• _PROVIDED DATA_
[Start of Attachment]
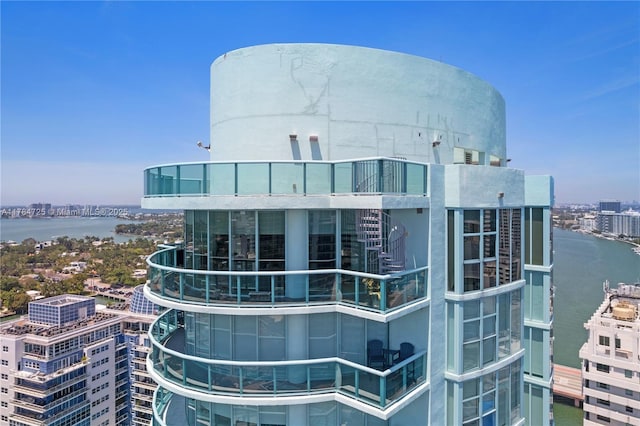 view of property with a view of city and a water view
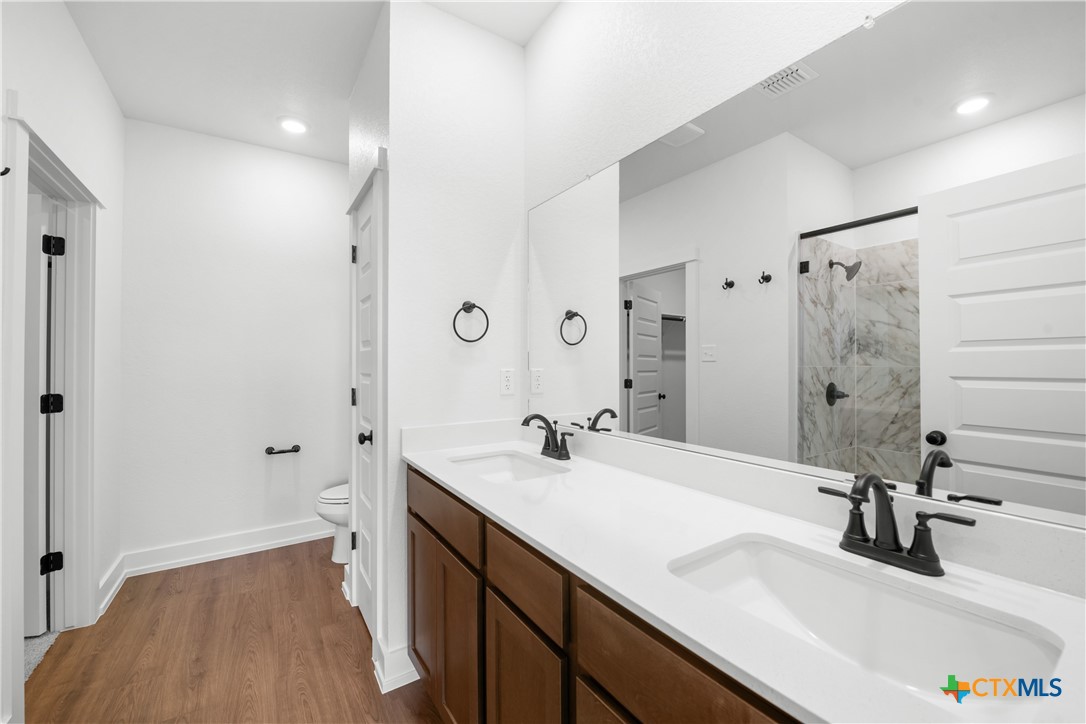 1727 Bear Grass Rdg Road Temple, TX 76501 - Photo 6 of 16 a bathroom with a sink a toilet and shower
[End of Attachment]
[Start of Attachment]
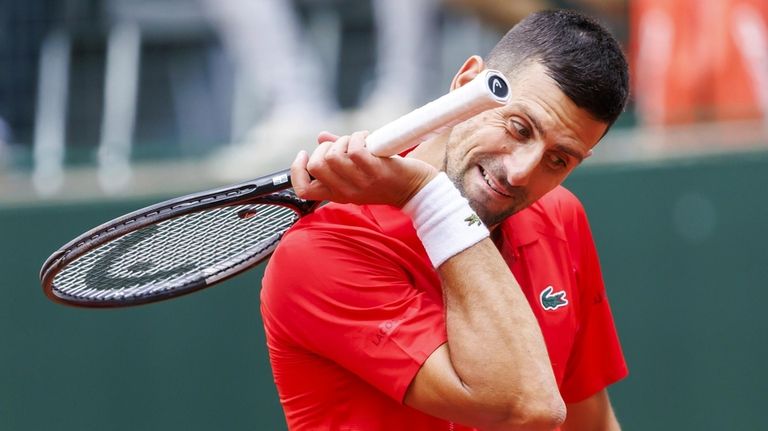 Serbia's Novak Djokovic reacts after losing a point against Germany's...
[End of Attachment]
• _TASK DESCRIPTION_
Copy exactly the material above from the line with "view of property" to the line with "1727 Bear Grass", ends included, and nothing else. Leave out any picture.

• _ANSWER AREA_
 view of property with a view of city and a water view
 1727 Bear Grass Rdg Road Temple, TX 76501 - Photo 6 of 16 a bathroom with a sink a toilet and shower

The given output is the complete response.